This is precisely the kind of drivel that may serve an annual report or temporarily attenuate an inattentive populace, but on finer note, it is nothing more than vacuous. To impel a constituency of predominantly poor folks, you need to invoke reality first and practicality second. YES, a better public school system will draw more dollars into the till and thereby reduce the tax burden on citizenry. We all get that. But, that and that alone is not manifest destiny. Children deserve a good and more importantly EFFECTIVE learning environment. THAT is sacrosanct. And anything less untenable, maybe even criminal.
TAXATION
New Jersey has the dubious distinction of having the highest property taxes in the nation, the third-highest income tax rates, the 10th-highest sales tax and the 11th-highest corporate tax rate. Let’s just say it has made the state an “unattractive place to do business” and barely enables residents to keep their proverbial heads above water. The Tax Foundation released its annual report showing the Garden State ranked DEAD LAST in the nation in "business-friendliness" for the second straight year.

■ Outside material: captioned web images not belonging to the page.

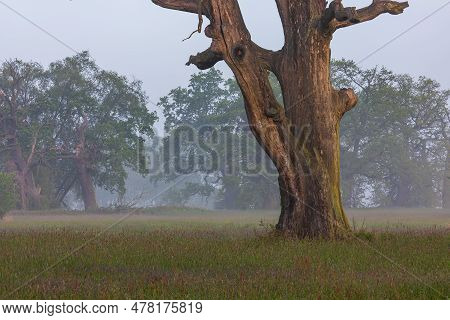 Old Trees In The Morning In Rogalin. Landscape Of Rogalin Park. Poland.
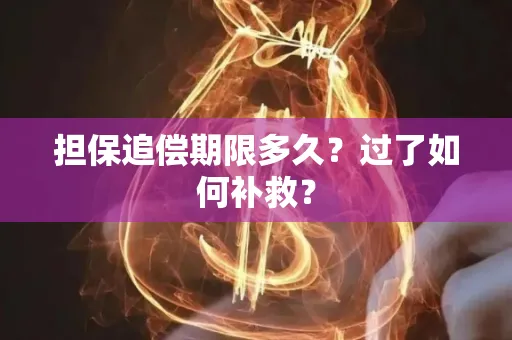 常州担保追偿期限多久?过了如何补救?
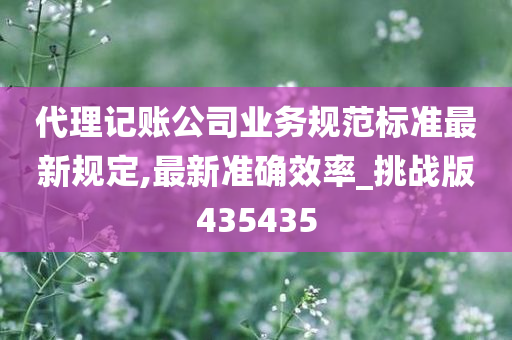 代理记账公司业务规范标准最新规定,最新准确效率_挑战版435435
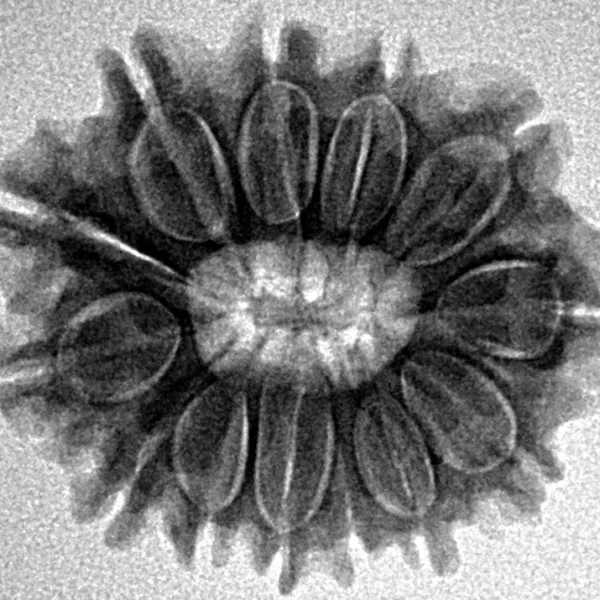 13 Mukhi Rudraksha 24.8mm 3.49gm - Inverse xray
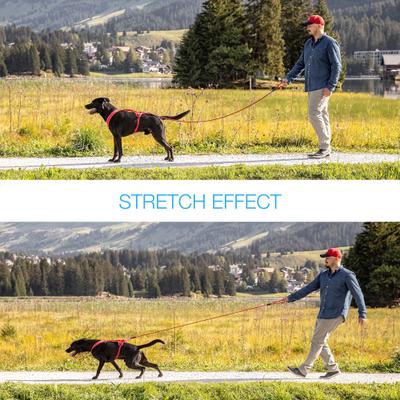 Show full view: Curli Stretch Comfort Dog Leash, Skyblue, Medium slide 4 of 10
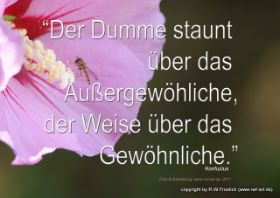 der dumme staunt.jpg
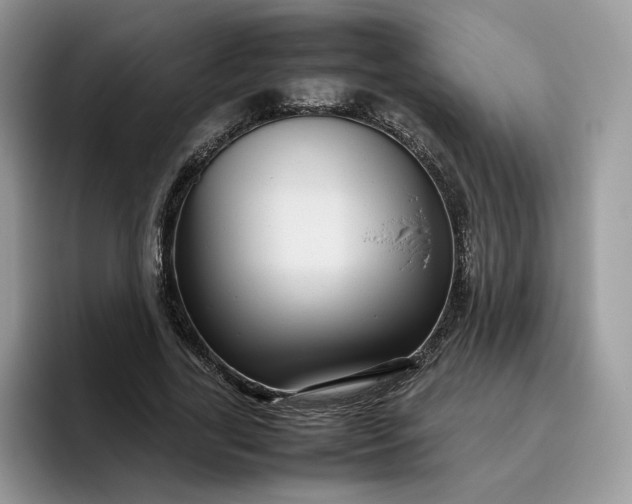 X0000095940731200801251109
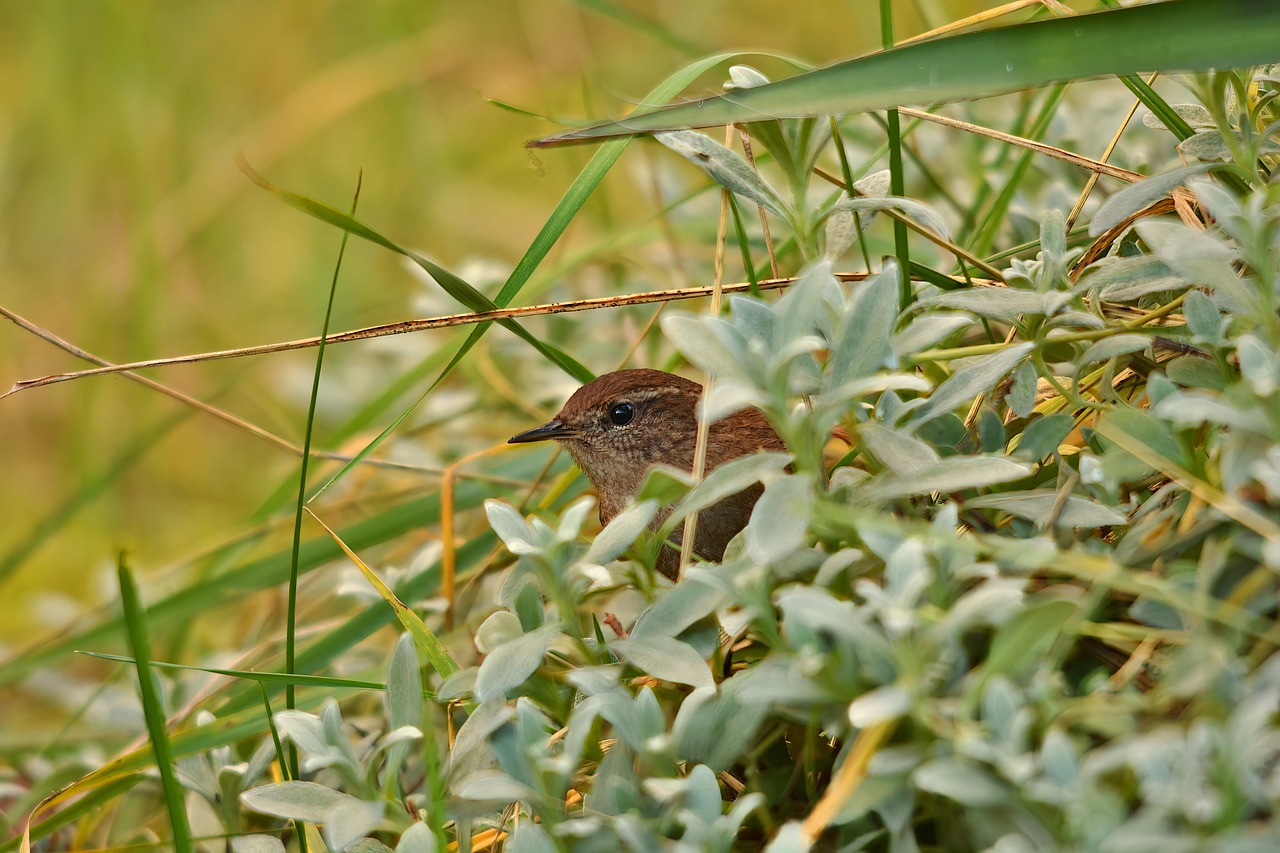 oiseau, oiseau moineau, stylo, ailé, animal, faune, sauvage, ressemblant à un moineau, nature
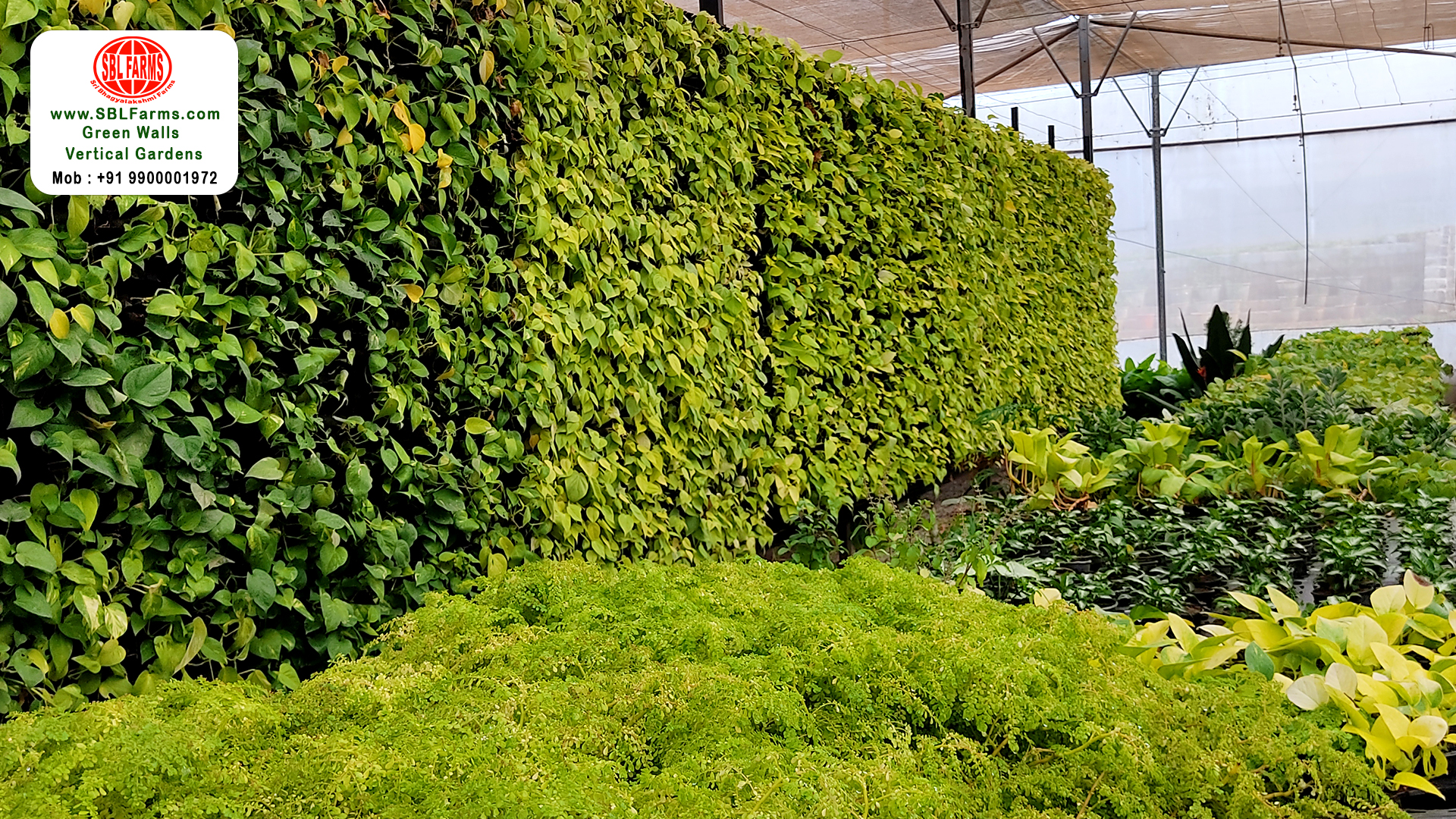 Sbl Farms Green walls and Living walls, Vertical Garden, Bio Curtains,Green wall or vertical garden service in india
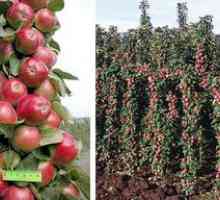 Značilnosti gojenja kolumnirane jablane sorte Vasyugan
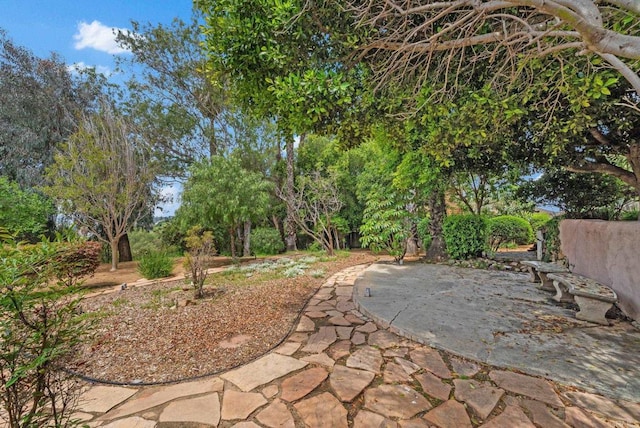 1994 Warmlands Ave, Vista, CA 92084 - view of yard featuring a patio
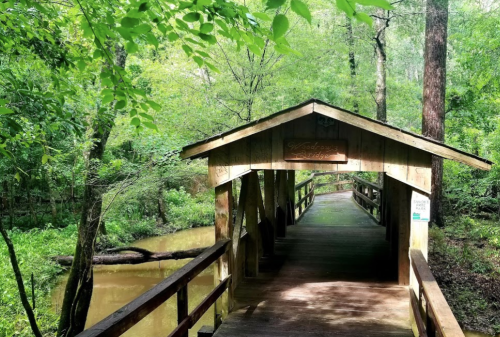 A wooden bridge leads into a lush, green forest, with a calm waterway visible beside it.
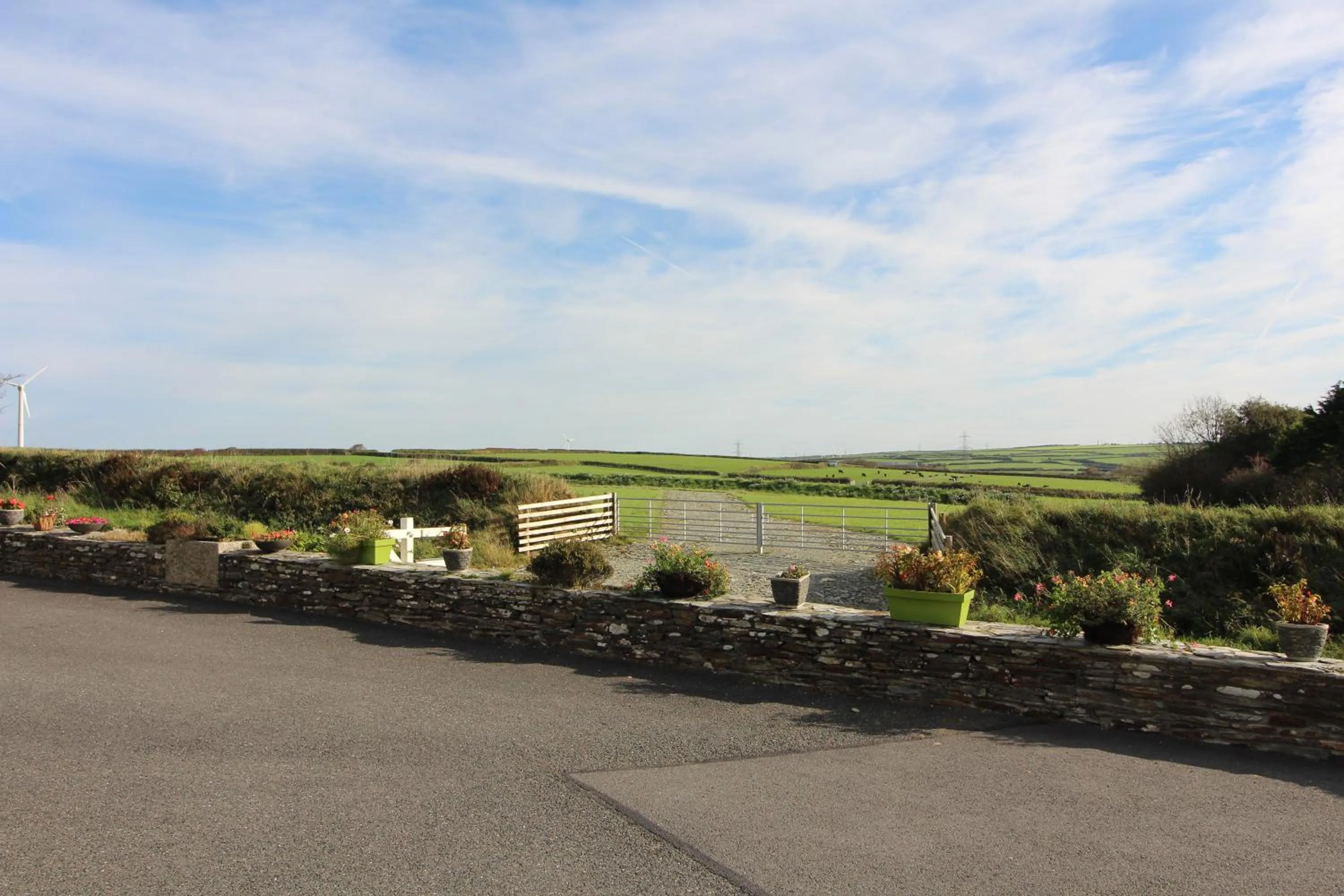 Natural landscape in Melorne Farm Guest House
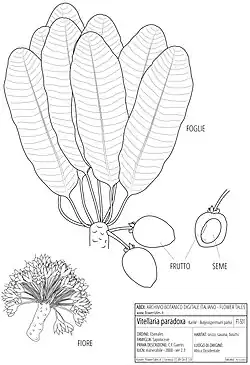 Dessin botanique de 2013.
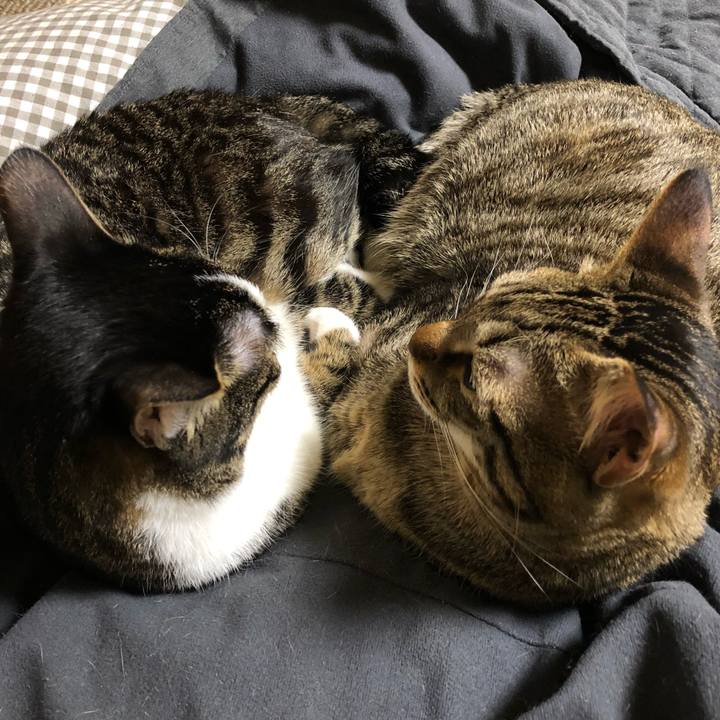 9ef6075b a587 478c a067 4a8ae637f505 1519531280490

OK. But we live here and that’s the way it is, right? Well, let’s take a deeper look at our municipal microcosm…
Median Household Income
§ National: $49,199
§ New Jersey: $67,035
§ Asbury Park: $28,100
Median Household Property Value
§ New Jersey: $372,300
§ Asbury Park: $208,636
Median Taxes
§ Property taxes paid for housing units, NJ: 2.4%
§ Property taxes paid for housing units, Asbury Park: 3.2%
§ Asbury Park has the 6th highest tax rate per capita out of 52 Monmouth County municipalities
Unemployment
§ National unemployment rate: 8.5%.
§ Asbury Park unemployment rate: 11.6%.
Poverty
§ New Jersey residents with income below poverty level: 8.5%
§ Asbury residents with income below poverty level: 30.1%
§ New Jersey residents with income below 50% of poverty level: 4.2%
§ Asbury residents with income below poverty level: 15.2%
Alright, so you get the picture by now.
Well, let’s just add a few more rather decisive details to that picture.
Cost of Living
Asbury Park has a 131.6 Cost of Living index based on a National index of 100. Each 10 points equals a 10% increase. So, Asbury is effectively 31.6% higher than the national average. That is quite significant.
Which takes me to these final points…
I love Asbury Park.
I have lived her for nearly 10 years and escaped here virtually every year since a child with his family in the late 60s. All of us have our Asbury stories, none less or more important than the other.
But loving something does not exempt us from challenging it.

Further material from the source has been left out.